Businesses depend on software and infrastructure to drive innovation, revenue, and productivity. Unfortunately, a lot of the heroic efforts and successes that go into supporting these efforts go untold, which leads to rework.
These stories need to be shared—that’s why we kicked off a web series and podcast for Quali called QualiFYI, where we will be interviewing industry pioneers and thought leaders in the space to get their perspectives on all things Environment as a Service, DevOps, environment provisioning, and more.
In the first ever episode of QualiFYI, I was honored to be joined by Ben Higgins, Technology Integration Manager, and Adam Scheuchzer, Director of Technical Services at Tyler Technologies. Check out the video below to get a look into how they use Environment as a Service.
QualiFYI [ep. 1]: Tyler Technologies Leaders Share Secrets to Shortening Sales Cycles with EaaS
If you’re interested in being our next Qualify guest, let us know here!
Tell us a little bit about who you are and why people should care about Tyler Technologies and the great work that you do every day.
Ben: So Tyler Technologies is the largest software developer focused exclusively on the public sector. So all of our clients are towns, schools, water districts, that sort of thing. We really care about that market. We are constantly trying to improve the services that we make available to it.
Adam: Yeah. And I think just to add on to what Ben talked about is, as you talked about affecting everyone, if you look at the impact of what our software can do…it’s helping the citizens of these organizations, it’s helping the school, the students and that sort of thing. So if we can deliver software and services in a more cost effective and more impactful way, it could just help the tax payers to get more for their dollars that they have to spend. And it’s a great mission to have, absolutely.

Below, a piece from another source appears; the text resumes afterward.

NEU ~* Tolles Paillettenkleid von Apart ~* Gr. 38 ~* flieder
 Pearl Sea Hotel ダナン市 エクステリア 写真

There’s a new initiative to accelerate environment provisioning using Environment as a Service. What brought about this change?

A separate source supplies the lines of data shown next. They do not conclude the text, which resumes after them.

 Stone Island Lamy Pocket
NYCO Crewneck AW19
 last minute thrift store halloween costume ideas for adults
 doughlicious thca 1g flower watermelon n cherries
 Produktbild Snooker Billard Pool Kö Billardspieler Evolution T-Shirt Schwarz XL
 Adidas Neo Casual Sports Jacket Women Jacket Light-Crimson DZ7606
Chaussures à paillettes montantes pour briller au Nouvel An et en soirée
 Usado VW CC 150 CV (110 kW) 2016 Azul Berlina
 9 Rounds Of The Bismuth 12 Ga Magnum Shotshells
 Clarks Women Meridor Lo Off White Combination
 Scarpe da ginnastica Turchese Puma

Ben: Tyler is going through a growth phase right now. In the past, we’ve been a company of acquisitions. A lot of our products were not originally developed by us but were acquired via that process. And we’re re-evaluating how all of those products work together and making sure that the integrations are tight so that you can really, again, maximize the functionality of how your work order software connects to your ERP software.
So there’s a lot of complexity that goes into that and there’s a lot of effort that goes into maintaining the places where people can do their work here as far as training prospects or demonstrating the software or doing QA or support of these things. So if you have 25 or 30 different applications that need to be in a cohesive unit, having the expertise and all of the hardware and everything else that goes along with that gets really complex really fast. The ability to build a thing and a blueprint that and then make copies of it however many times that you need for all of those different use cases becomes really invaluable.
Adam: Sure. I think that the things that Ben was talking about are great in terms of challenges that an individual organization has and challenges that we have in a company, but also one of the initiatives that we’re working on is a vision of connected communities.
So, we talked a little bit about where Tyler is a company that’s working with towns and schools and governments. One of the challenges that we have is a citizen might have services from a number of different municipality areas. They might go to work in a neighboring town. And if you look at the needs of that citizen and what Tyler can do to help them in a connected community situation, it’s bringing those services together with multiple towns and multiple districts and multiple organizations, and that’s a very big challenge. It’s not something that’s really easy, but it’s a vision that we have here at Tyler to get a lot of those services together to be able to help our customers and ultimately our communities work better together.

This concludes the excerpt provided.